Posted: 10/3/2019     Length: 4:37

Retail disruption is so advanced in Shanghai, China, that there’s even a term for it called new retail, a seamless integration of the in-store and online shopping experiences. Here are four new retail concepts:

Ratio is a fully automated coffee shop. Like most retail in Shanghai, customers order and pay with their phone through the WeChat app, making cash payments and the checkout line obsolete. But Ratio takes it a step further. The drink-making process is also automated by a robot, allowing customers to choose not only the type of coffee, but the exact temperature and taste profile. Ratio serves 400 drinks per day and more than 50 drinks are on the menu.

BK24 is a new concept from Buddies that opened in December 2018. The small store, at just 50 square meters, attracts local business people in an upscale downtown neighborhood. Buddies is a subsidiary of the Shanghai Liangyou Group, which operates 520 stores including 270 franchises stores. BK24 offers lunchbox delivery through a partnership with JD.com, where customers can order a lunchbox from their phone, and the hot meal is delivered to their office or home.

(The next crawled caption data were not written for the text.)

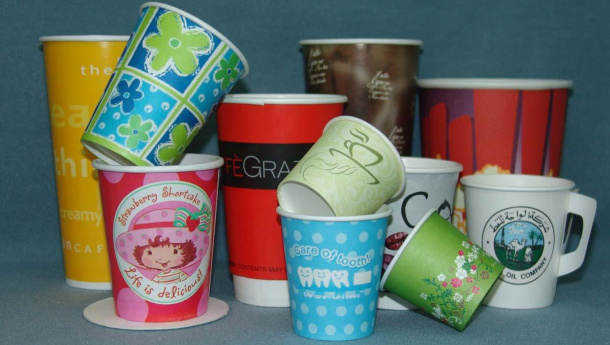Immagine: In Gran Bretagna, le tazze da caffè usa-e-getta potrebbero essere tassate come i sacchetti di plastica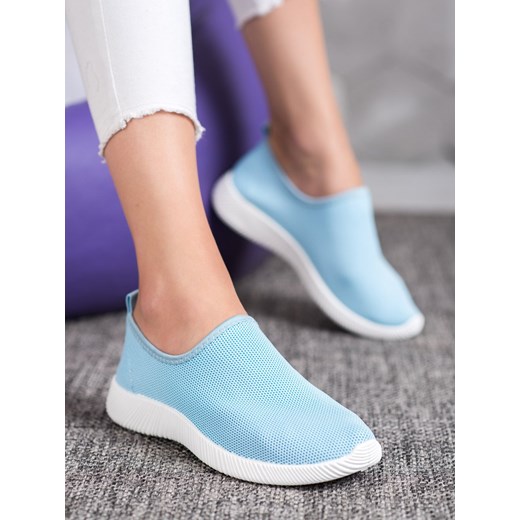 SPORTOWE BUTY SLIP ON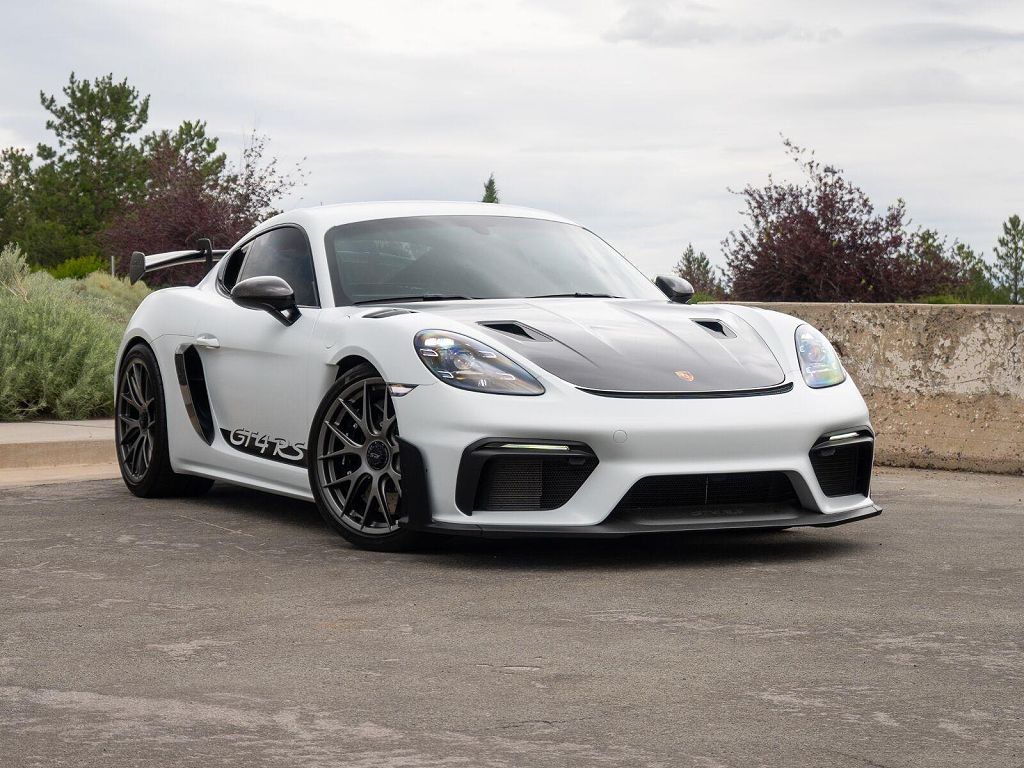 2023 Porsche 718 Cayman GT4 RS
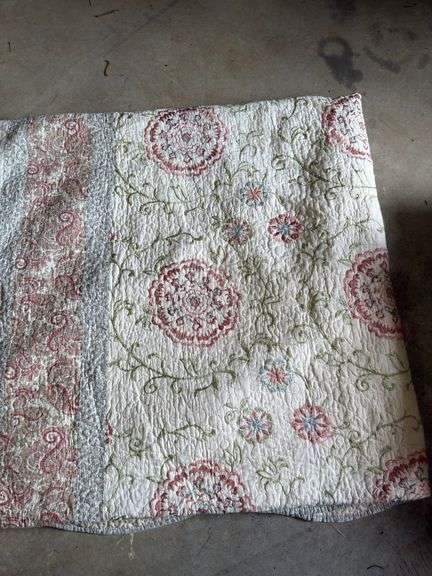 Floral Pattern Quilted Throw Blanket image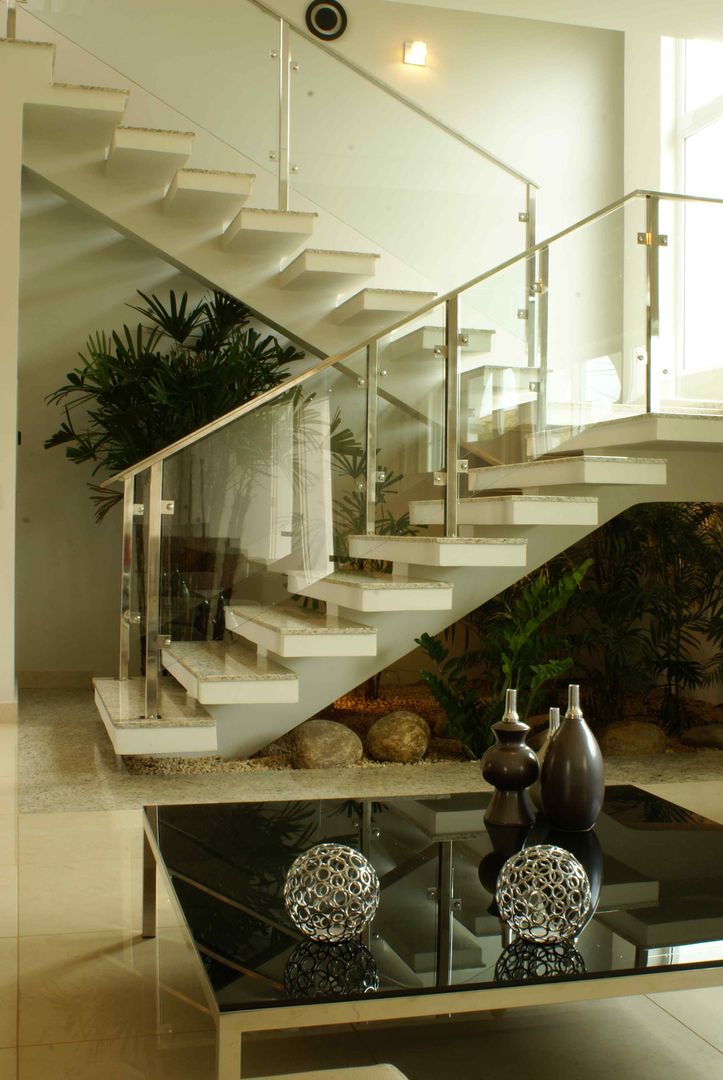 Escadas, Penha Alba Arquitetura e Interiores Penha Alba Arquitetura e Interiores Stairs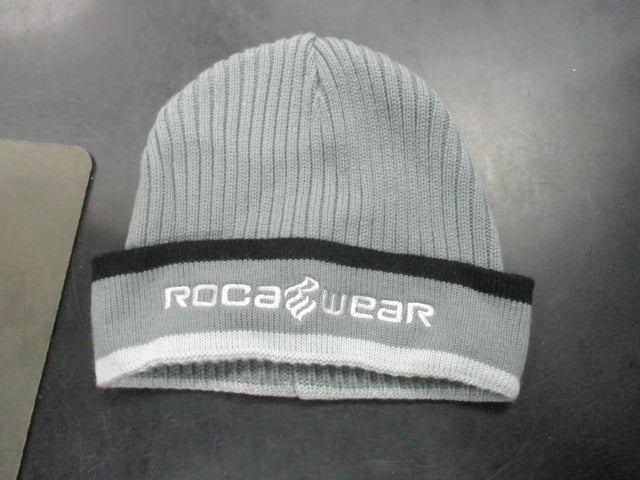 Load image into Gallery viewer, Used Roca Wear Beanie
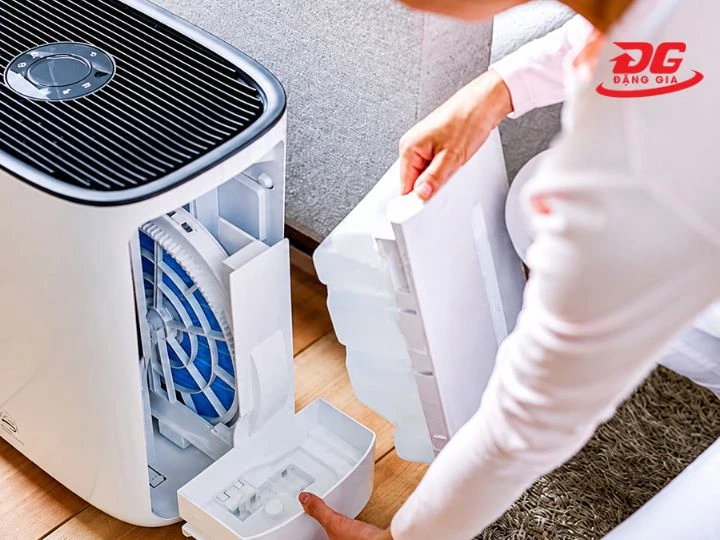 Vệ sinh máy hút ẩm sharp khi thấy hiệu suất giảm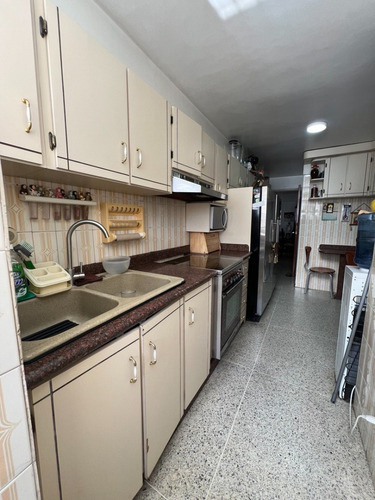 Se Vende Apartamento 108m2. Montalban.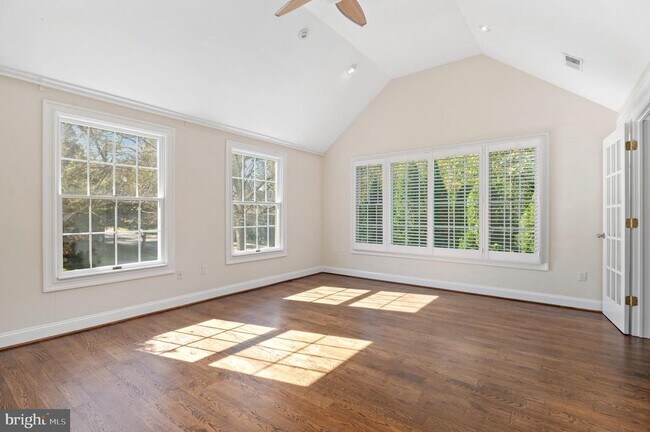 Foto del edificio - 4849 Rodman St NW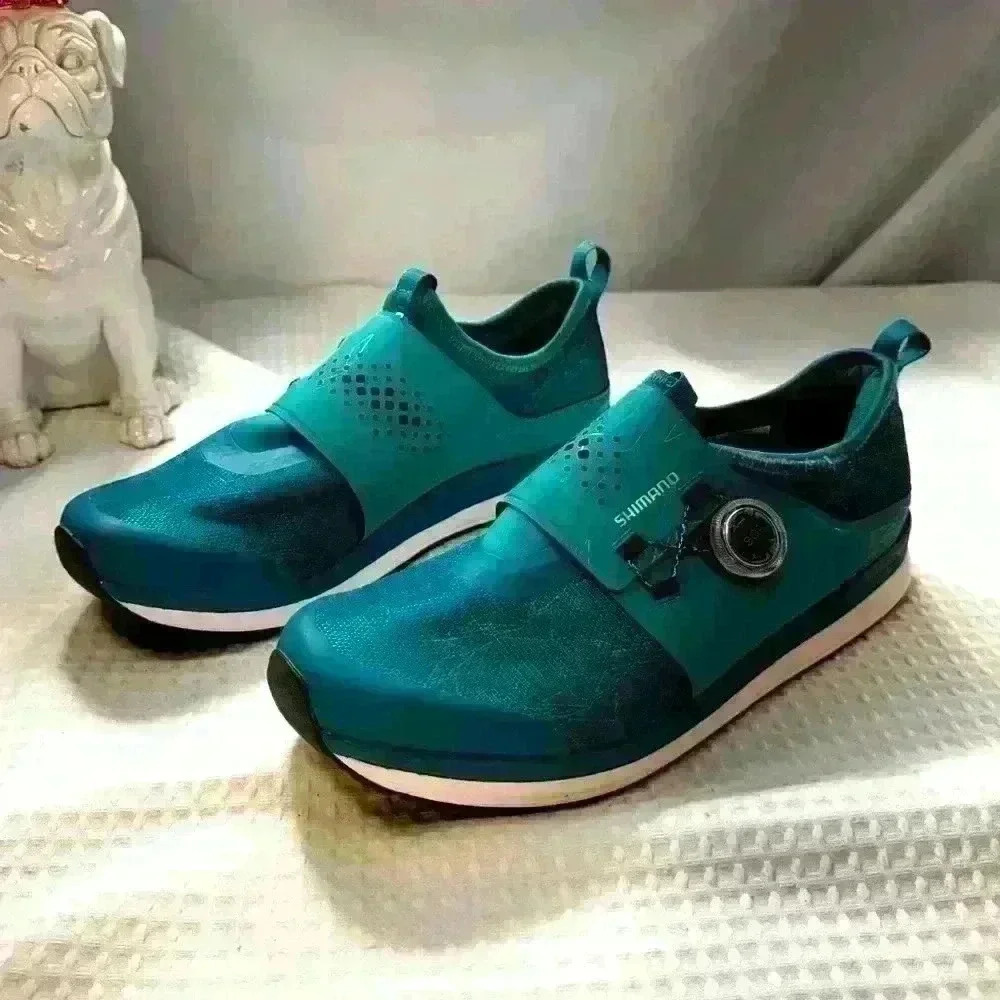 Like New, Never worn. Shimano IC3 biking shoes in sz 42. BOA tightening system.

More than 100,000 customers fill up every day at uSmile stations in Shanghai, a subsidiary of PetroChina. While cupholders are useful for grab-and-go items, so is the trunk: gas-buying customers can purchase larger items in bulk like cooking oil and rice at the fuel island. Inside the store, customers will find grab-and-go snacks and drinks, PetroChina’s Duck-branded items and household items like vacuum cleaners. Customers can pay with their phone inside the store for both fuel and in-store items.

Hema, an Alibaba-owned retailer, creates a unique customer experience: it’s part market, part restaurant, part warehouse and part fulfillment center. The store does not have a traditional checkout area. Instead, self-checkout and kiosks allow customers to pay for items throughout the store with Alibaba’s payment app, Alipay. But most of Hema’s shoppers (60%) place their orders online for delivery. Employees fulfill orders by collecting items throughout the store, and ceiling conveyors move full shopping bags overhead to a common fulfillment area, where an army of electric scooters are waiting to make deliveries.